Colourful vegetarian stir-fry
- Spray olive oil
- 1 small red onion
- 1 clove garlic
- 1 teaspoon ginger
- 250g pre-cooked Hokkien noodles
- 1 medium head broccoli, chopped into small florets
- 1 medium carrot, cut into small batons
- 1 small red capsicum, halved, seeded, sliced into thin strips
- 1 small green capsicum, halved, seeded, sliced into thin strips
- 6 pieces baby corn, sliced
- 2 bunches bok choy
- 680g extra firm tofu, chopped into large cubes
- 1 tablespoon oyster sauce
- 1/4 teaspoon chilli flakes
- 2 tablespoons unsalted cashews, to serve
- 2 teaspoons sesame seeds, to serve
- Fresh coriander leaves, to serve
- Spray a wok with olive oil and place over high heat. Add red onion, garlic and ginger and stir-fry until softened.
- Prepare Hokkien noodles according to packet instructions.
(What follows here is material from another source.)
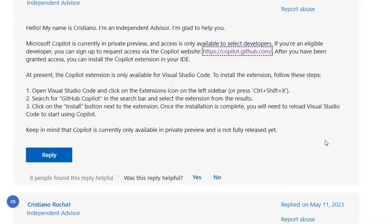To install the extension, just follow these simple steps. First, open Visual Studio Code and click on the extension icon on the left sidebar. Next, search for GitHub Copilot in the search bar and select the extension from the results. Then click on the install button next to the extension.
Drain and set aside.
- Add broccoli, carrot, red capsicum, green capsicum, baby corn and bok choy and stir-fry for 8-9 minutes, until tender-crisp. Add tofu, noodles, oyster sauce and chilli flakes and mix well. Reduce heat to low and cook for 3-4 minutes, stirring.
- Divide stir-fry between 4 bowls and garnish with cashews, sesame seeds and fresh coriander leaves.